*** EXCERPTED DATA ***

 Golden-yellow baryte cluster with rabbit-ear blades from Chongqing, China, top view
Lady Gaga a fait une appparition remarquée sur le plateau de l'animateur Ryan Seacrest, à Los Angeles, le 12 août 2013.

*** End of EXCERPTED DATA ***
*** EXCERPTED DATA ***

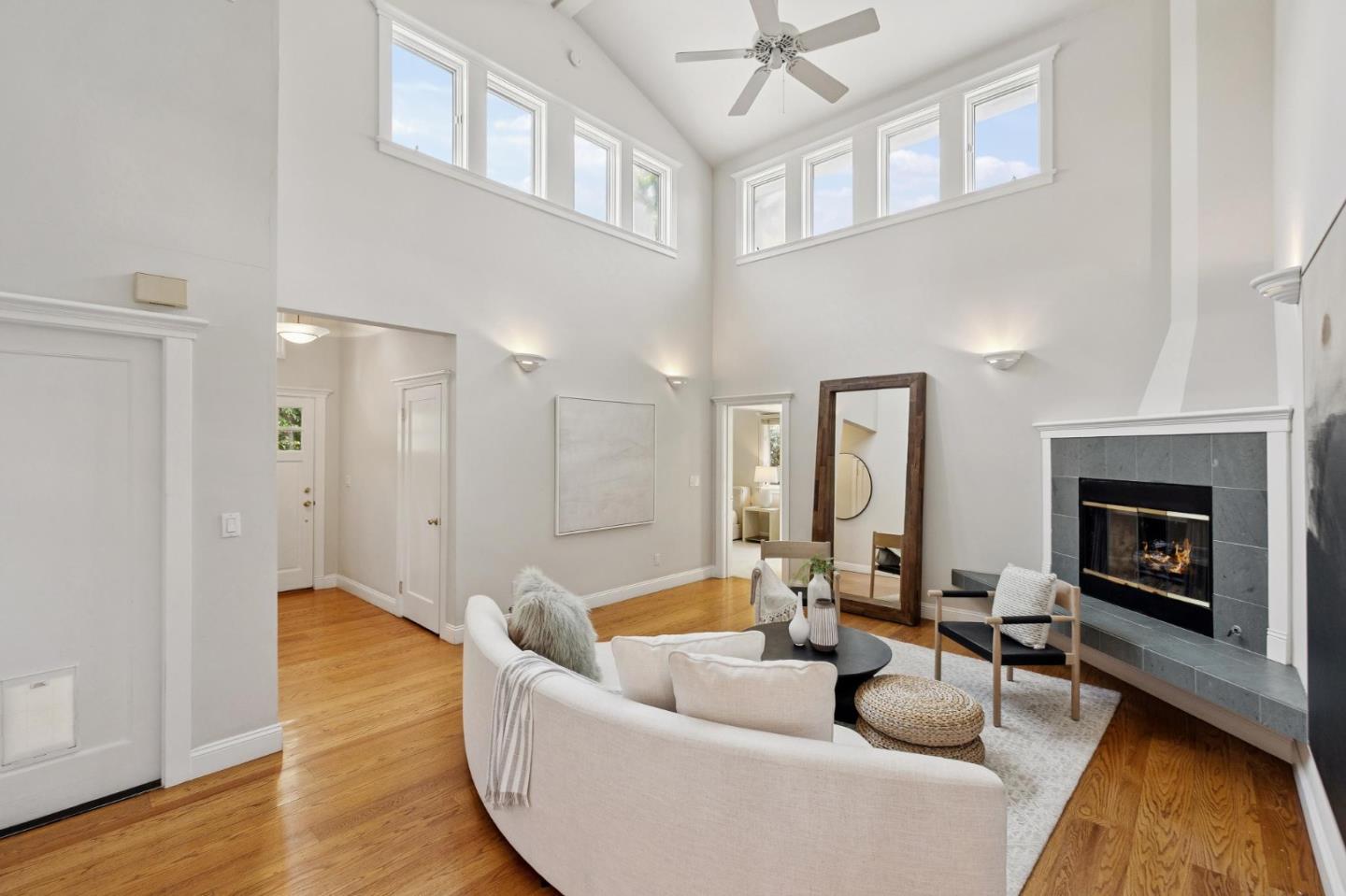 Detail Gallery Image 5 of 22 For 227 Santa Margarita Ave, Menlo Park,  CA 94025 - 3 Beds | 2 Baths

*** End of EXCERPTED DATA ***

DIRECTIONS FOR THIS TASK: All that belongs in your answer is the stretch of entries above from the line with "Golden-yellow baryte cluster" through the line with "Lady Gaga a", printed exactly.

RESPONSE AREA:
 Golden-yellow baryte cluster with rabbit-ear blades from Chongqing, China, top view
Lady Gaga a fait une appparition remarquée sur le plateau de l'animateur Ryan Seacrest, à Los Angeles, le 12 août 2013.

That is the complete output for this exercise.